How to know a word doc is corrupted

It looks like while trying to open a corrupted word doc using Aspose.Words, it automatically repaired the corruption. But is there anyway to know, upon loading the document, that the doc is corrupted?

Thanks!

A DOC format is very complex and poorly documented. Aspose.Words tries to load a document as much as it can. It corrects many minor "corruptions". But if it comes to a point that it cannot load the document further, it throws. There is no single specific exception that we throw when Aspose.Words cannot load a document. The following exceptions can be thrown:

  • PleaseReportException when Aspose.Words detected something believed to be worthwhile reporting to Aspose.Words developers since having such a document in our test suite will cover more undocumented and unknown features of the DOC format.
  • File and stream related exceptions. There are many offsets inside data fields inside a DOC file that point to locations in the stream. If some of these offsets or lengths are invalid, there is a possibility that Aspose.Words will end up trying to read beyond end of file and .NET will throw.
  • Index out of range etc exceptions. Similar to the above. A DOC file contains various indexes between structures. Aspose.Words reads this into various arrays and lists and accessing them when an index is invalid might throw some sort of index out of range or argument exception.

Thanks!

I also wonder if there is anyway I could know that my original document is in fact corrupted. Though Aspose.Words can repair some corruptions, but I still need to know that the document WAS corrupted. Is there a way to know programmatically?

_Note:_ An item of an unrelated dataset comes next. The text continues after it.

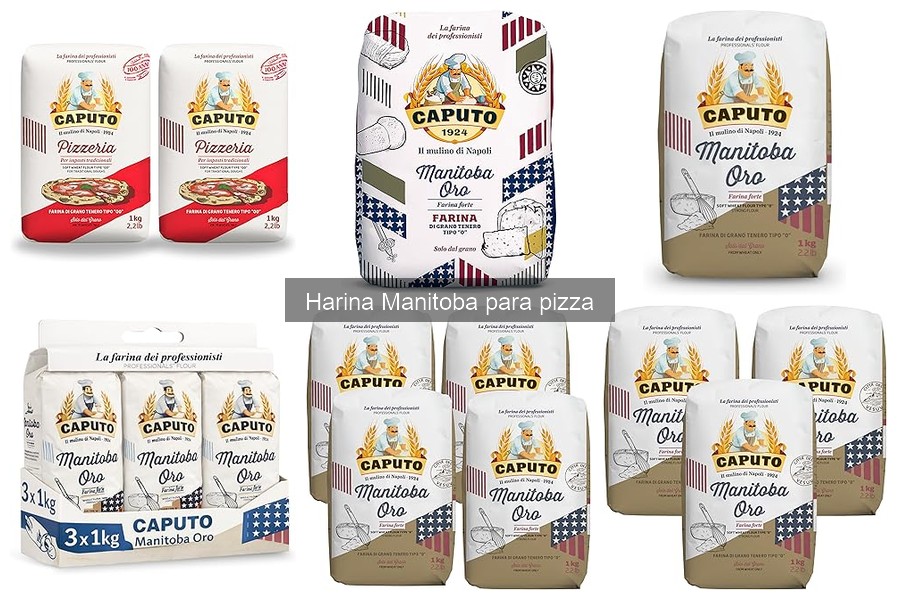Alternativas a la Harina Manitoba para Hacer Pizza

No, there is no way to know that.

If the document is corrupted it will not load. Only minor deviations that do not result in lost of data or formatting will be automatically corrected.

The problem I am trying to tackle at this moment is to open word docs using Aspose.Words. Is it safe to assume that if Aspose.Words cannot open a doc (throws an exception), then I cannot use Microsoft's Word automation to open it either ?

Thanks.

Another related question is: if I were to use Aspose.Words to open an earlier version than Word 97, what would happen? Exception thrown? Or is there anyway to know what version of Word the document is using?

I'm not sure what the prolem is. If you explain more why you need to worry about invalid documents so much, we might be able to come up with a better solution.

DOC format is very complex. Aspose.Words reads the DOC file itself, it does not use Microsoft Word. Code in Aspose.Words and in Microsoft Word apparently is very different. Whatever errors Aspose.Words can detect and fix or throw has no direct relationship to what errors Microsoft Word can detect. Different versions of Microsoft Word will error out or correct documents differently. Sometimes you can open a document in Aspose.Words that Microsoft Word cannot open. Sometimes you can open a document in Microsoft Word whereas Aspose.Words will throw.

If the file is pre Word97 format, Aspose.Words will throw

throw new NotSupportedException("Sorry, this document is in pre-Word97 format and it is not currently supported.");

There is no way to programmatically detect Microsoft Word version from the document in Aspose.Words API. Don't forget that DOC files can be created by some other programs. In general, Word 97 - Word 2007 binary format is backward and forward compatible. With more features added in newer formats of course.